Top of Raw data

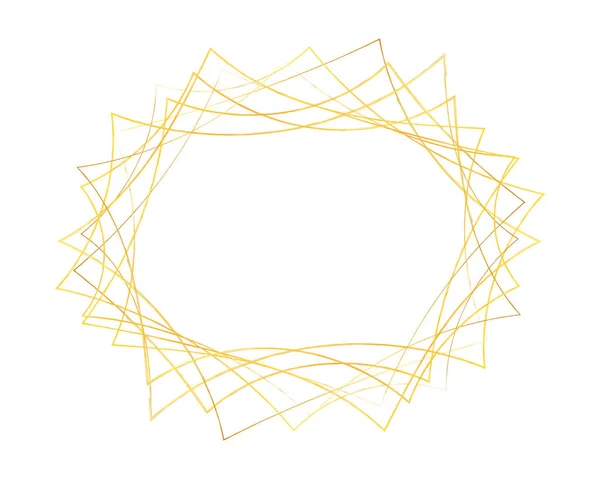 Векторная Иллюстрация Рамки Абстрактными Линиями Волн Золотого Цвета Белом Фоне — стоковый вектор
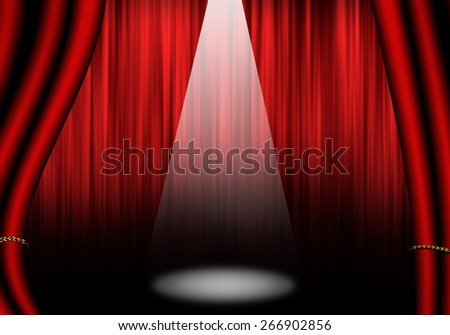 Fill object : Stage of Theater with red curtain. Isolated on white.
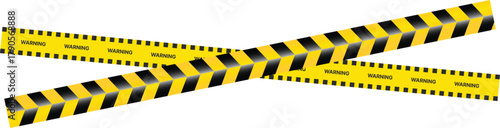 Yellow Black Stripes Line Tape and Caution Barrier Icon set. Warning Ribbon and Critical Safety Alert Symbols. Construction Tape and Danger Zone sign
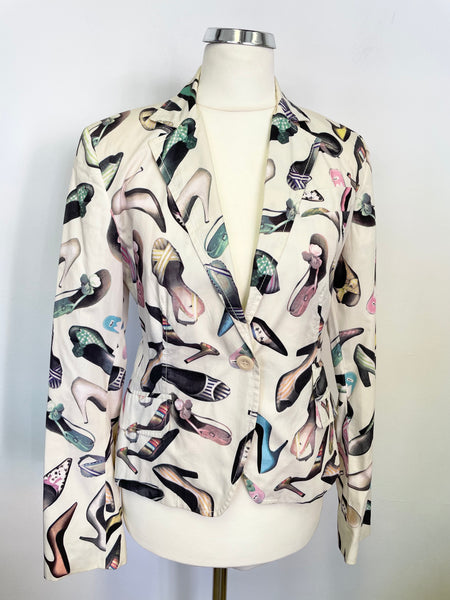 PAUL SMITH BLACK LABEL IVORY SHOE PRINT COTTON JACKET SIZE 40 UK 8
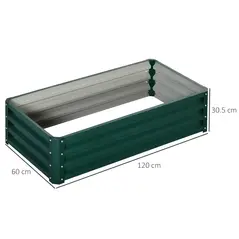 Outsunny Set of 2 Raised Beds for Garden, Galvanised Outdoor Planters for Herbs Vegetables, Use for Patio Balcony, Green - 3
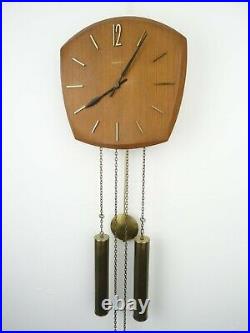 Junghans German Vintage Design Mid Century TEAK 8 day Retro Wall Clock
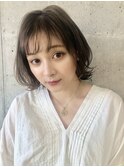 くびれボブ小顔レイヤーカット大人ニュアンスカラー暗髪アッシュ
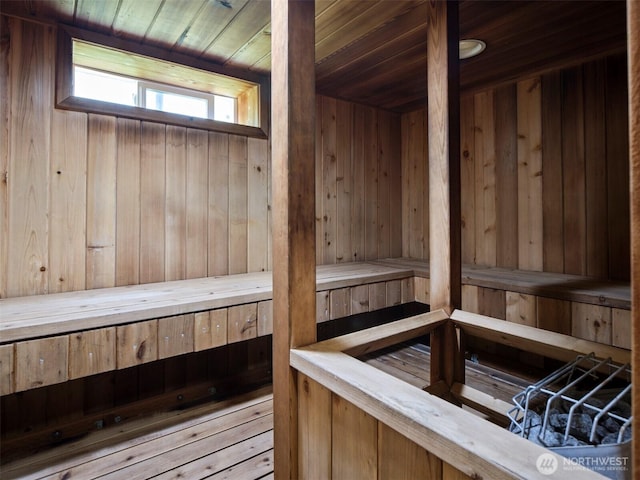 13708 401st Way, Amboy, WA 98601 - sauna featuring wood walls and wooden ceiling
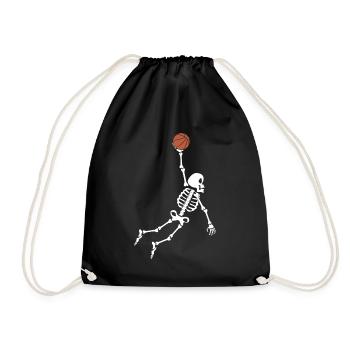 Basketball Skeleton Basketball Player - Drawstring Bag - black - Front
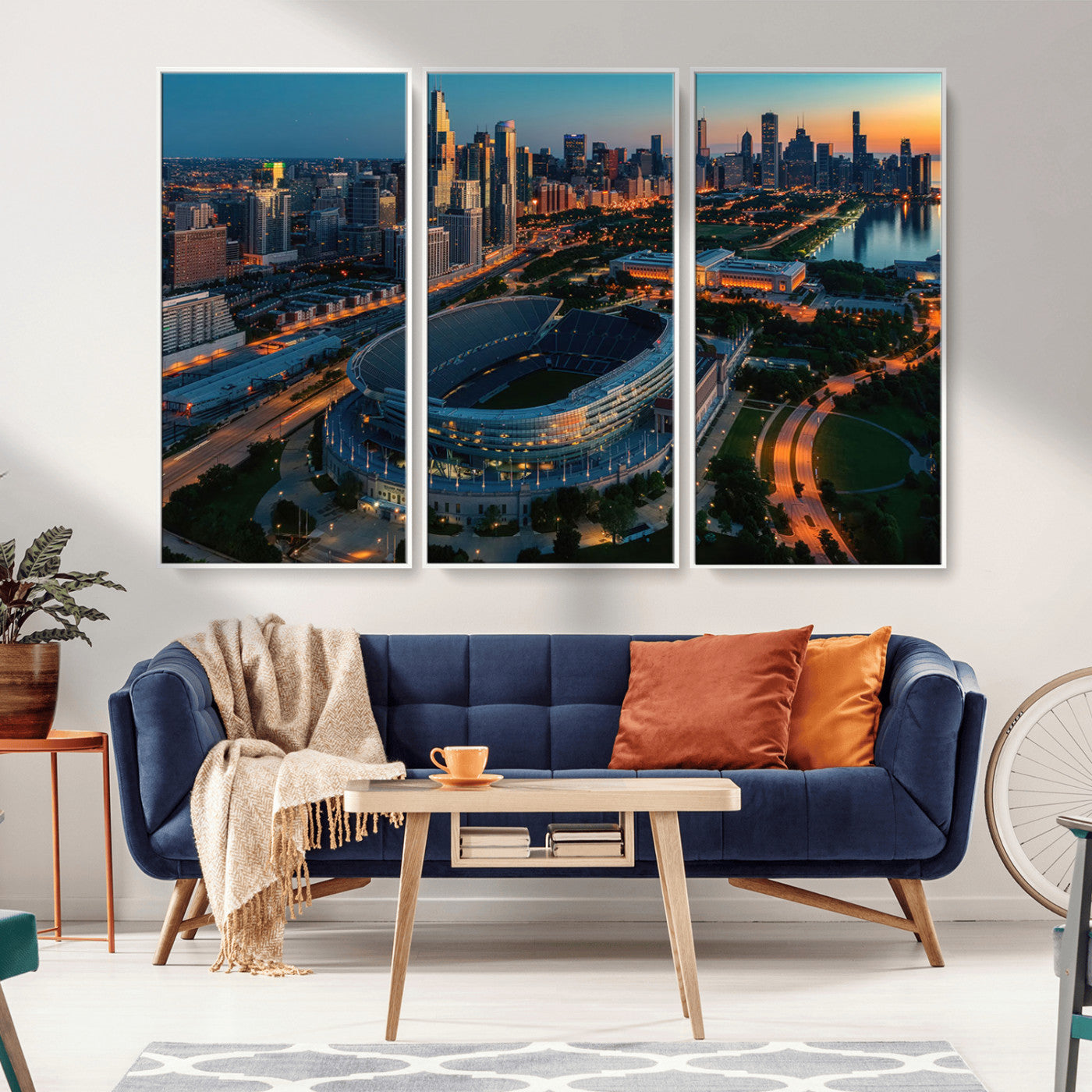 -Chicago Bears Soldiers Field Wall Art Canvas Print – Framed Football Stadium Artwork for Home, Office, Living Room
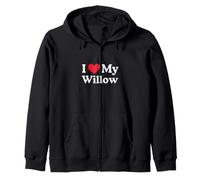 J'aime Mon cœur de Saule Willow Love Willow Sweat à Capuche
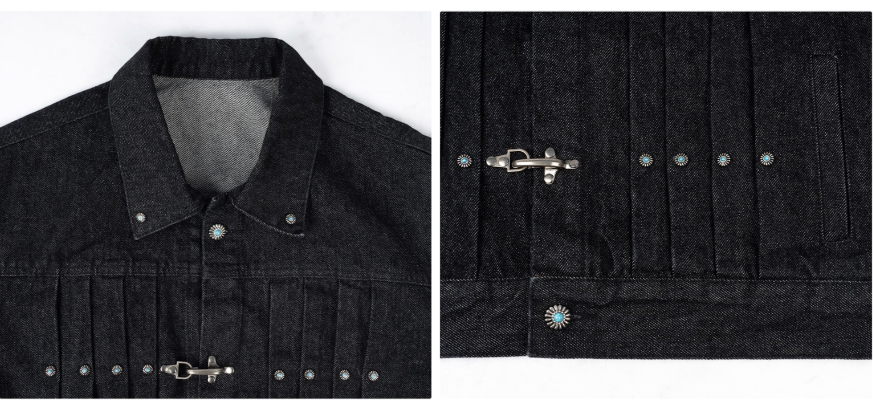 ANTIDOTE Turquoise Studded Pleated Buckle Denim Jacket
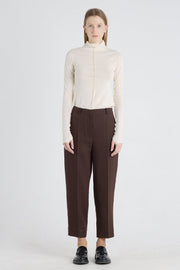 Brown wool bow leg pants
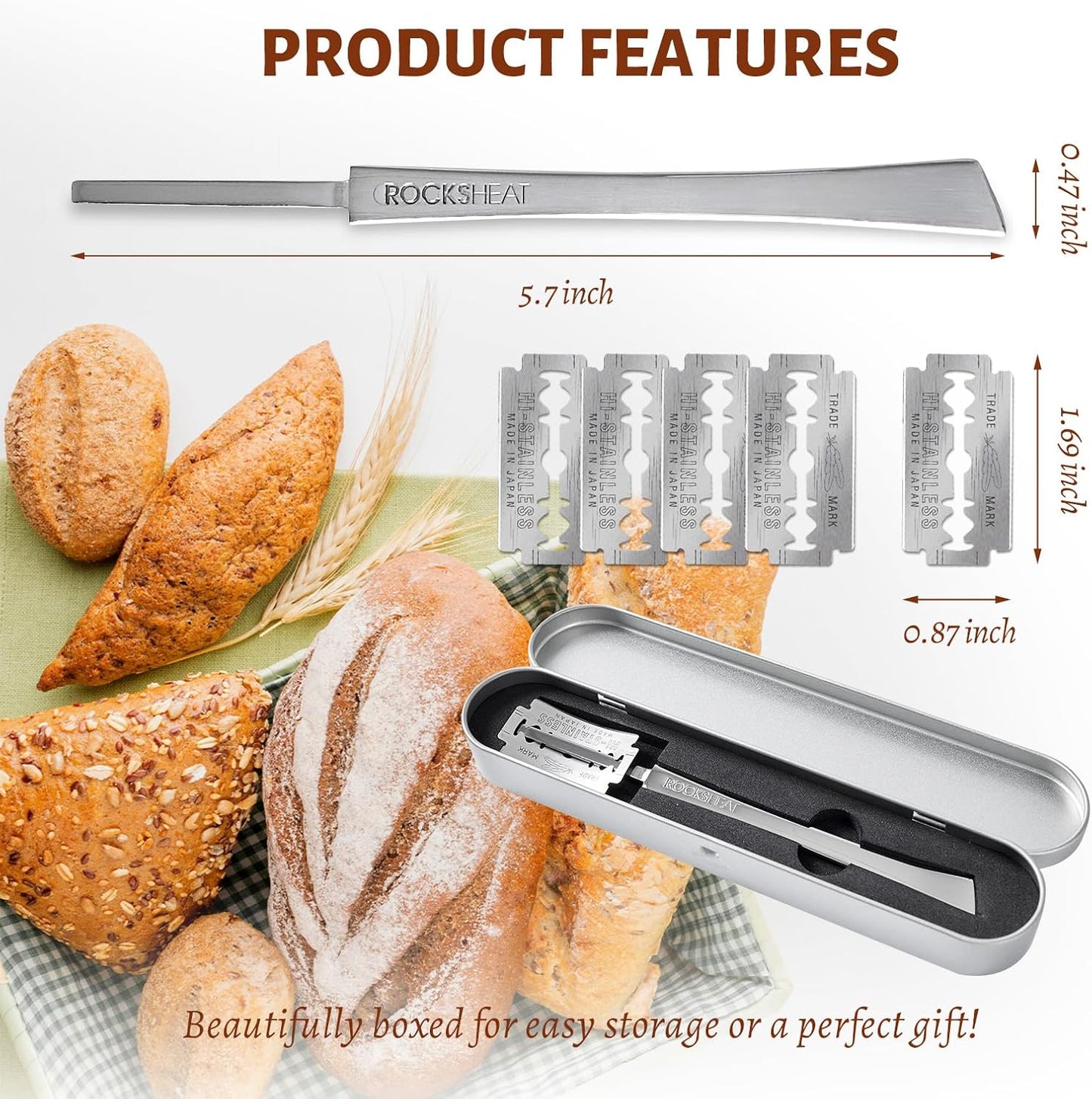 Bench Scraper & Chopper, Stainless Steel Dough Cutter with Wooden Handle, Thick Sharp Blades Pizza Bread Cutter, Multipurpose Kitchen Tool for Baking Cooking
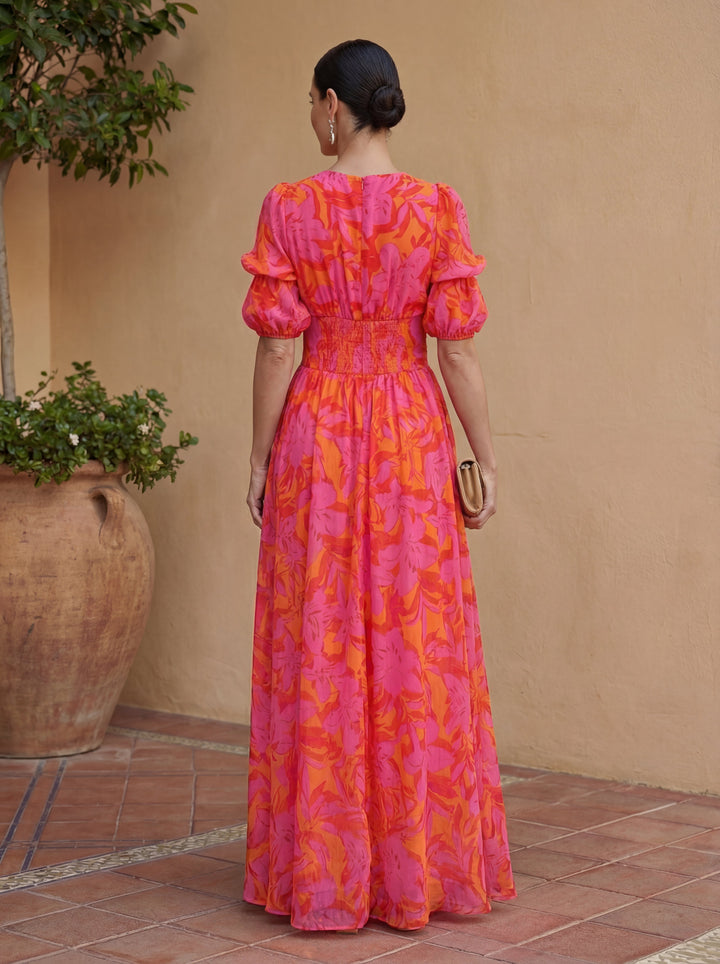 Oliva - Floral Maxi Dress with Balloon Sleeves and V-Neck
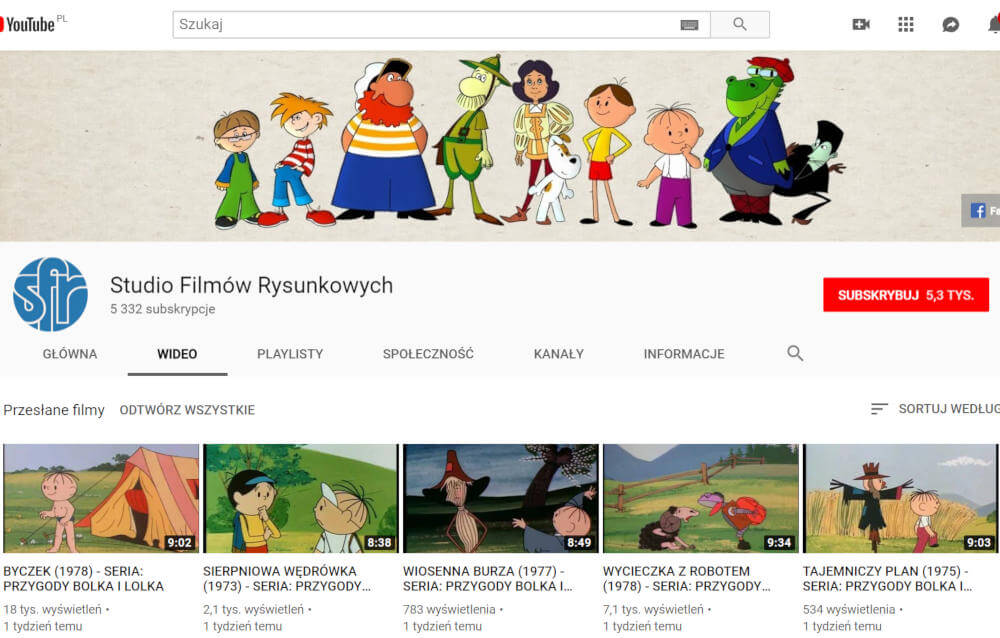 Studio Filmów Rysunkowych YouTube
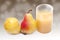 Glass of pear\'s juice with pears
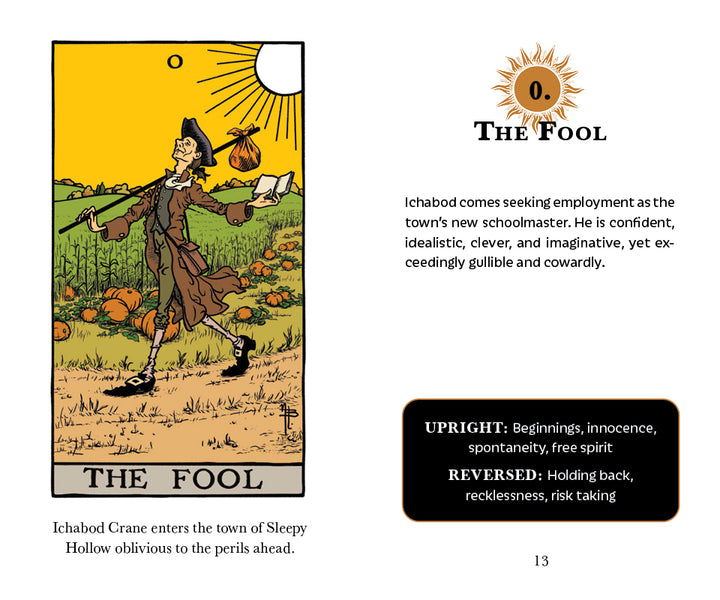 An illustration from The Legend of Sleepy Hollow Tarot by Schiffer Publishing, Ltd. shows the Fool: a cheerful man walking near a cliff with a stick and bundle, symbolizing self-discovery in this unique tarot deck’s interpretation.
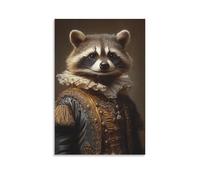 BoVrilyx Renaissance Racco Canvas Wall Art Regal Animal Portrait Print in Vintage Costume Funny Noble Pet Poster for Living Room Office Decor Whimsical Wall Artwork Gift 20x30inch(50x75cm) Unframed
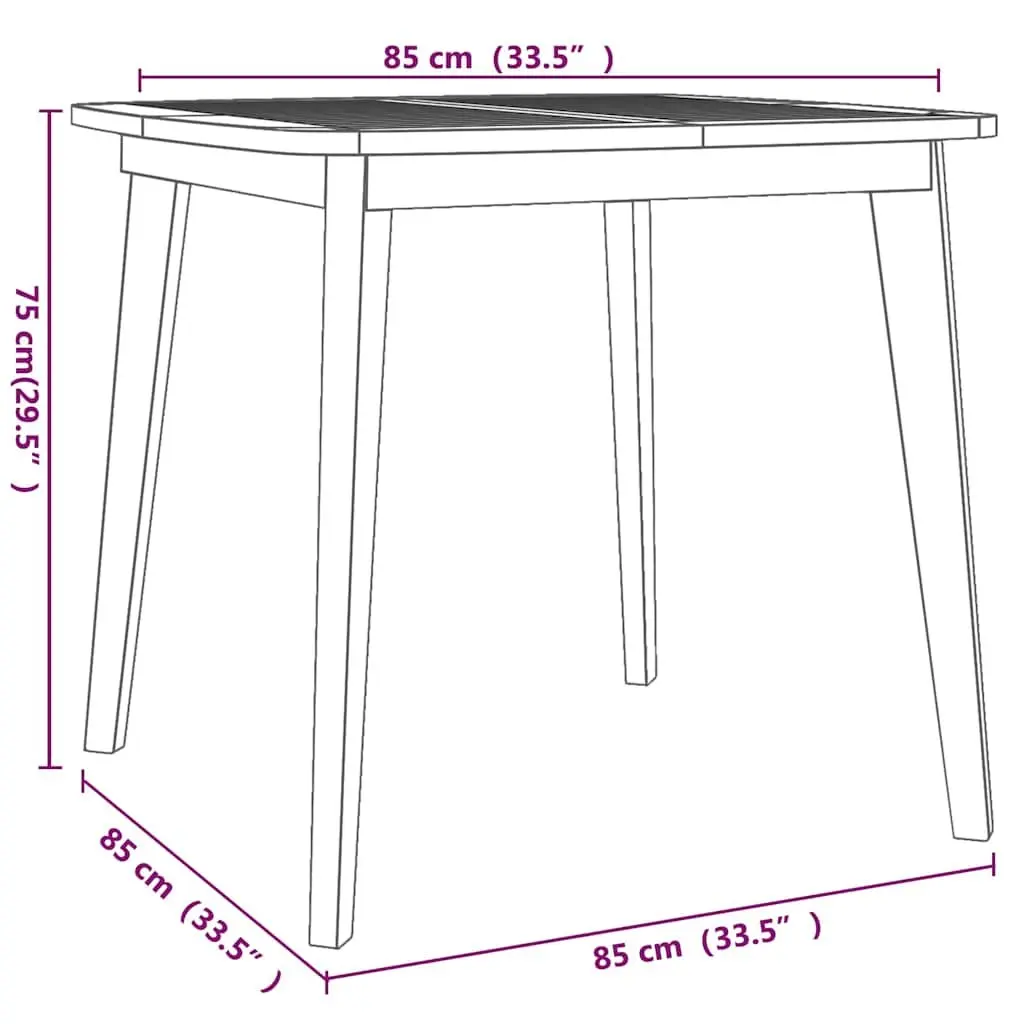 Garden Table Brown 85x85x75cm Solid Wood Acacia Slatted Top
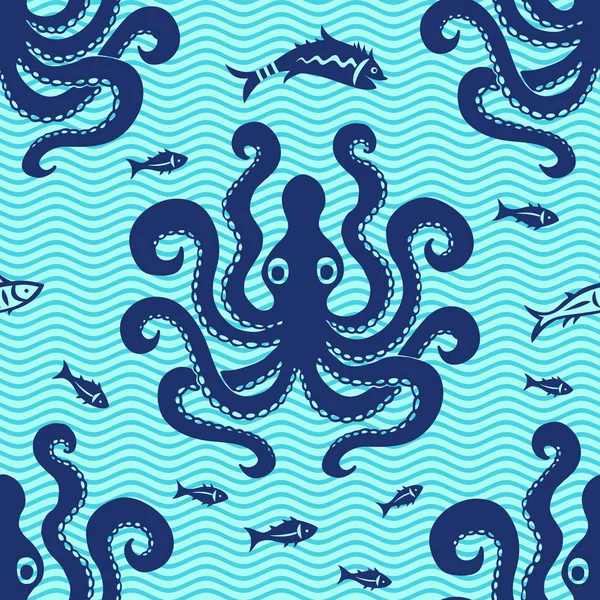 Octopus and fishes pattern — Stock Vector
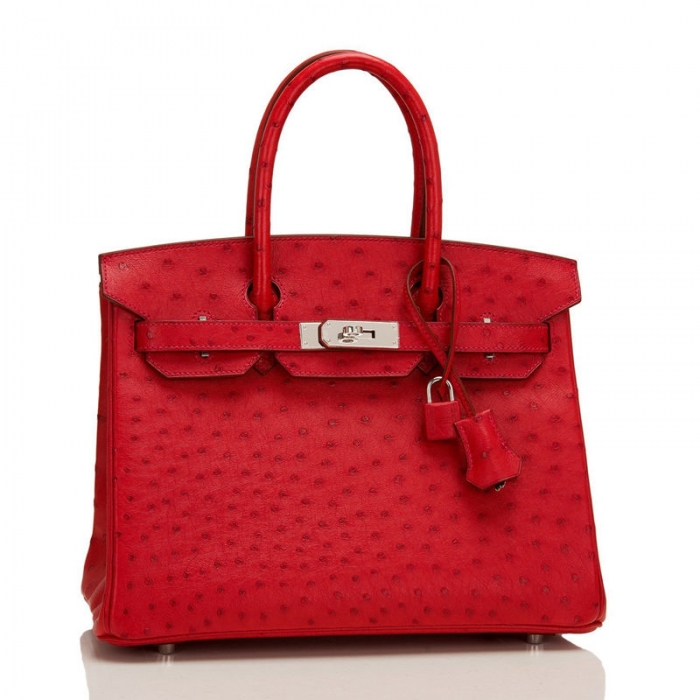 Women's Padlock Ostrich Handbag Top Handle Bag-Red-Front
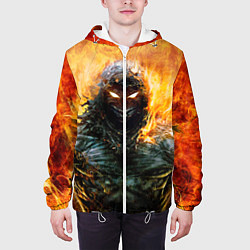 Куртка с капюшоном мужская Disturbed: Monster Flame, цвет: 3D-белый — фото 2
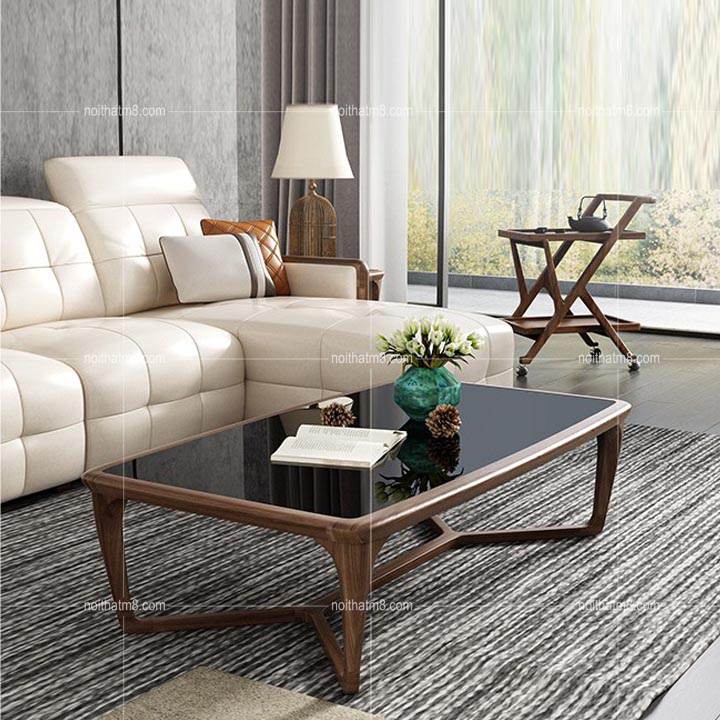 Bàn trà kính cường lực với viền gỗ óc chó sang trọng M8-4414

Bottom of Raw data

=== What you need to do ===
Everything from the line with "Basketball Skeleton Basketball" through the line with "Brown wool bow leg pants" in the material above should be transcribed exactly, except the pictures.

=== Problem solution ===
 Basketball Skeleton Basketball Player - Drawstring Bag - black - Front
 -Chicago Bears Soldiers Field Wall Art Canvas Print – Framed Football Stadium Artwork for Home, Office, Living Room
 J'aime Mon cœur de Saule Willow Love Willow Sweat à Capuche
 ANTIDOTE Turquoise Studded Pleated Buckle Denim Jacket
 Brown wool bow leg pants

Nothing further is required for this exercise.